When Love Comes (dir. Chang Tso-Chi)
Films When Love Comes, Chang Tso-chi The Fourth Portrait, Chung Mong-hong Tears, Cheng Wen-tang Let the Wind Carry Me, Chiang Hsiu-Chiung and Kwan Pun-Leung Judge, Liu Jie 1428, Du Haibin Let the Bullets Fly, Jiang Wen I Wish I Knew, Jia Zhangke Spring Fever, Lou Ye Zheteng, Wang Wo Fortune Teller, Xu Tong Petition, Zhao Liang Disorder, Huang Weikai
ISABELLA TIANZI CAI dGenerate Films
Films Let the Bullets Fly, Jiang Wen If You Are the One 2, Feng Xiaogang Echoes of the Rainbow, Alex Law, Deep in the Clouds, Liu Jie and Cai Ni, Lost on Journey, Raymond Yip Wai-Man, Detective Dee and the Mystery of the Phantom Flame, Tsui Hark, Love in a Puff, Pang Ho-Cheung, Tape, Li Ning, Disorder, Huang Weikai.
Memory I saw Tape during the Reel China Biennial at NYU. I was ready to leave the theater after the first one hour, thinking the artist’s private life had nothing whatsoever to do with me. I fidgeted in my seat and signaled my disinterest to the spectators nearby. But their complete disregard of my restlessness made me unsure my attitude as my prejudice. I gave the film another shot. Towards the end of the second hour, something unexpected happened. I felt that I was bonding with the artist at an incredible speed, on every level, and across space and time. If I had walked into the theater feeling completely cynical and filled to the brim with youthful ingratitude, by the end of the film I must have been transformed. I experienced a brief but truly sublime moment in the dark. It was intense; it was pure; it was also very rare.

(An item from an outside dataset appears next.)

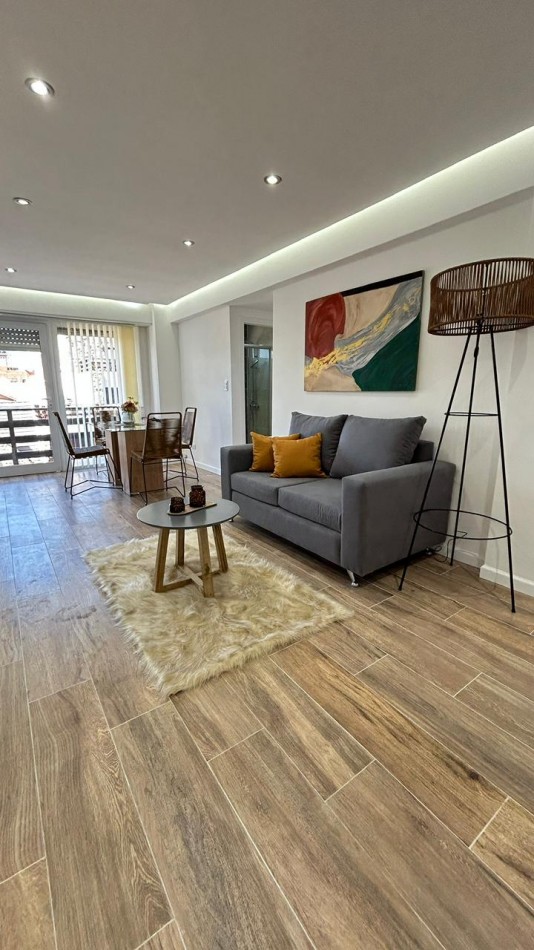 Departamento 2 Ambientes con dependencia al Frente con 2 balcones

Reflections 2010 is a landmark year for Chinese cinema because for the first time in history China’s box office takings exceeded $1.5 billion, up nearly 60% of the previous year. More multiplexes are being built in China; last year alone, some 1,500 screens were added. However, take a moment and ask ourselves, what does China need most? My answer is film schools, new media schools, schools that can supply the talent and manpower for the future. Right now China has so few.
KARIN CHIEN dGenerate Films
Highlights 1. Bringing Chinese films back to sold-out audiences Chinatown, New York. Thanks to Alice Mong and Beatrice Chen at the Museum of Chinese in America, we’ve been screening and creating dialogue around the most interesting, independent, and groundbreaking contemporary films from the Chinese diaspora.

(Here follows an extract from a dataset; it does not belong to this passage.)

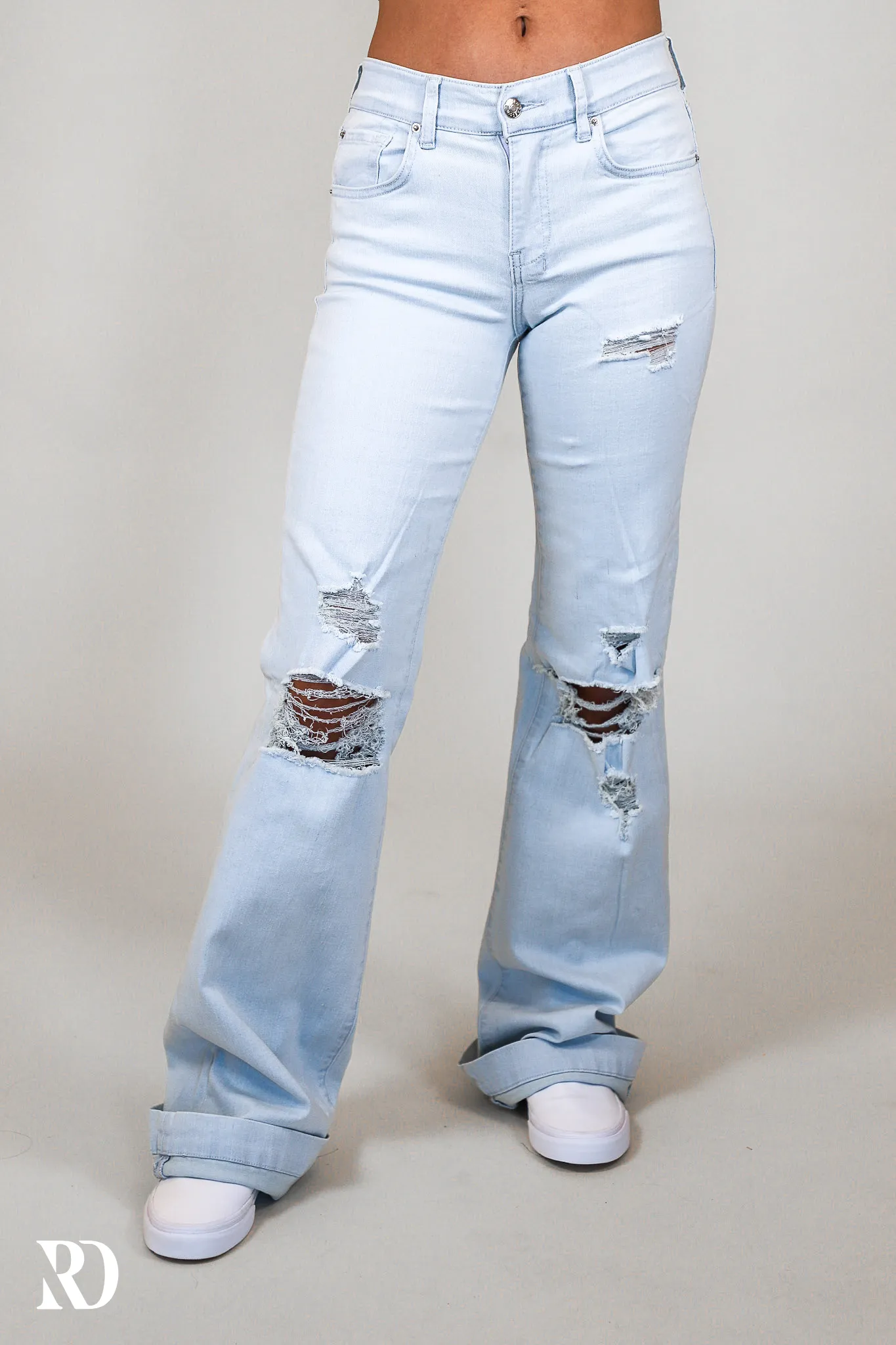 LIGHT WASH DISTRESSED SIGNATURE TROUSER DENIM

2. Acquiring over a dozen new independent films from mainland China. The work, especially in documentary, only gets stronger each year. The hardest part is narrowing down the number of acquisitions to a manageable amount. There are just too many daring, inspiring, and important films being made within and outside the system in China.
Martian Syndrome (dir. Xue Jianqiang)
SAMANTHA CULP New Territories
Favorites The accidental nouveau-slacker trilogy of: Martian Syndrome, Xue Jianqiang Piercing I, Liu Jian Winter Vacation, Li Hongqi
Memories Working on “Short Stays,” the short film project I produced for The Opposite House hotel in Beijing. I felt so lucky to get to work with three of my favorite young Chinese filmmakers (Zhao Ye, Liu Jiayin, and Peng Lei), and the incredible champion of Chinese indie cinema, Zhang Xianmin.
Reflections In 2011, I’m looking forward to more collaborations between filmmakers in China and other non-Western regions (as was explored in 2010 by the Rotterdam IFF/Li Xianting School’s “Raiding Africa”), as well as new developments in animation (ie Piercing director Liu Jian), and new possibilities for online and alternative distribution and funding.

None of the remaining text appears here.